Chapter 2: Ipkiss and Batz

"What the holy hell?" yelled Stanley, as he jumped backwards several feet.

The terrifying man held a small card in his gloved fingers, which he read.

"Stanley Ipkiss…" came his bottom-of-the-barrel voice. "Seriously? That's your name?"

Stanley became indignant. "Who wants to know?" he demanded.

The huge man tossed away the card, and replied, "I'm known as the Batman."

"Okaaayyyy..." said Stanley. "I have a feeling I have no right to comment on the strangeness of this situation, so instead I'll ask, why are you here?"

The huge man leaped down from his perch in a menacing whirl of black fabric and animal mystique.

Stanley stumbled out of the way, and gripped the back of the chair instinctively.

The Batman was very tall; so tall that his cape did not touch the floor when he walked. He gazed out over the rooftops and beyond, to the nighttime clouds drifting behind the skyscrapers of Edge City.

"I've received intelligence that my nemesis, the Joker, is vacationing in your city," he boomed.

Stanley relaxed a bit.
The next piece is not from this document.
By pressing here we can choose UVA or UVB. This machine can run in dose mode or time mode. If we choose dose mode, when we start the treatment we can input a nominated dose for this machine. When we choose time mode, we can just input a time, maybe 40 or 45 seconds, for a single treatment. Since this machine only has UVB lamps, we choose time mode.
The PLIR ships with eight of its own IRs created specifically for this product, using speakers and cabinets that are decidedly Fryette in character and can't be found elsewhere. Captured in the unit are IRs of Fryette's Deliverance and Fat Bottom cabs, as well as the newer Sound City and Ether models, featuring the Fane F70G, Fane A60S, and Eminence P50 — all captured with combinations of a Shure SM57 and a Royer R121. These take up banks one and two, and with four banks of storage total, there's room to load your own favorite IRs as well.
He laughed sardonically. "Why would he take a vacation in Edge City, of all places?"

The Batman paused and gestured at the clouds. "It must be because the methane emissions are so nice this time of year."

Stanley laughed.

"No, really," he said. "Why?"

The Batman smiled, and Stanley found the sight of that very unsettling.
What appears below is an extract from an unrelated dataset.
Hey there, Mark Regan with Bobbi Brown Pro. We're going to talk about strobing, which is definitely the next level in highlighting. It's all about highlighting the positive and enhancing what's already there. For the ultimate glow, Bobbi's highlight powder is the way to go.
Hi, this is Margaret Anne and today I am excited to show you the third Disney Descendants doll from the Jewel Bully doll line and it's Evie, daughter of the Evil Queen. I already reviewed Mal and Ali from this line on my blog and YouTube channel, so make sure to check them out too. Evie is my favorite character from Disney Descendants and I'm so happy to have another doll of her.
"You laughed. I'll have to remember that one," the Batman boomed. "The Joker doesn't think I have a sense of humor. I guess that's not completely accurate."

"My confidence in you is growing ev-e-ry minute," Stanley muttered under his breath.

The Batman explained, "I believe the Joker may be after your mask. He will only use it for nefarious purposes."

"My mask?" blurted Stanley. "How do you know about all that?"

"You're more well-known than you think, Stanley," said the Batman. "I keep up with the news. Did you really think a conga line in the city park with the entire ECPD would go unreported?"

Stanley blushed, and rubbed the back of his neck. "Well, garsh, Batman…we were only having a bit of fun."

"Also," the Batman added. "Your dog was out today, messing with the Loki mask. Caused quite a stir with a female Jack Russell terrier at the Coco BowWow club."

Stanley stared at him. "Coco... BowWow..."

"Yes. There's a whole part of this city frequented only by dogs. Naturally, they have a Latin dancing club parallel to your own."

Stanley looked at him incredulously. "Let's suppose this part of the city actually exists. How would you even know about it? "

The Batman paused, dramatically.

He admitted, "I have my contacts."

"Contacts in a miniature city of dogs," Stanley repeated, in a withering tone. "Wow, not even gonna probe that one... nope!"

He added, "But, um, are you asking me to do something about this Joker character?"

"I want you to stake out the Coco Bongo Club. From what I've observed, it's exactly the sort of retro, jiving hot spot he likes. It'll be like a moth to a flame."

Stanley smiled. "Well, he's got good taste, I'll give him that."

"Also, he will have informed himself about your antics of late and he'll presume to find you there. I want you to draw him out into the open, and I'll bag him before he does any harm."

Stanley touched a finger to his chin. "Are you sure it's such a good idea getting that close to him while wearing the mask? I thought I had to protect the thing, not tease him with it..."

"True," said the Batman. "But hiding from the Joker will only prolong the inevitable."

Stanley stared at him. Then he buried his face in his hand, amid raucous snickers.

The Batman's blank white eyes narrowed dangerously, and this chilling sight turned Stanley's laughter sheepish and pitiful.

"Why is that funny?" the statuesque man irritably inquired.

Stanley wiped his eyes, and managed, "I... I... really don't know."

The Batman nodded sagely. "You know, now I think I understand your problem with Tina."

Stanley's face moved into a look of abject horror.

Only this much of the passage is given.